There he witnessed the annual gathering of Roma, arriving from across Europe for the spring festival in celebration of Saint Sarah. Later he claimed that it was after spending his 34th birthday watching them carry her effigy from the sea to the shore, and listening to them sing at night, that he had a dream in which the song One More Cup of Coffee came to him, fully formed. But it was the more general sense of a travelling community with a natural way of expressing its culture that inspired the next and typically unexpected phase of his career.
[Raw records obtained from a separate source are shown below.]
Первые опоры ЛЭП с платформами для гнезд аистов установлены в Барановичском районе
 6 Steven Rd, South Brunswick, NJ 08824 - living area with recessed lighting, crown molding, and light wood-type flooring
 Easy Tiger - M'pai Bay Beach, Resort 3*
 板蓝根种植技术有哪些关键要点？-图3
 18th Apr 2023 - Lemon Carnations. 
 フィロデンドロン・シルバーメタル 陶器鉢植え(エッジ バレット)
“There was a Rolling Thunder energy and that was his invention,” Joan Baez says in Rolling Thunder Revue: A Bob Dylan Story, the documentary by Martin Scorsese released this week on Netflix. Using verite and concert footage, some of it first seen in Dylan’s long-buried feature film Renaldo and Clara, Scorsese reframes that energy while adding a layer of meta-reality that reflects Dylan’s enduring fascination with masks, disguises and alternative facts.
After his return from France, Dylan based himself in a Greenwich Village apartment and underwent a full reimmersion in the folk scene from which he had emerged a dozen years earlier. In the clubs and coffee houses, fellow performers clustered around him: old friends like Ramblin’ Jack Elliott, Bobby Neuwirth and Roger McGuinn and new ones such as the violinist Scarlet Rivera, whom Dylan had approached when he saw her carrying her instrument case on the street.
Some of them took part in the sessions for his new album, Desire, with Rivera adding a touch of Romany abandon as she wound her fiddle lines around Dylan’s voice. The songs ranged from a demand for the release of Rubin “The Hurricane” Carter, a boxer imprisoned on a murder charge, to a startlingly direct address to his wife, Sara. The unit stayed together, accumulating extra members, as plans were made for taking the show on the road.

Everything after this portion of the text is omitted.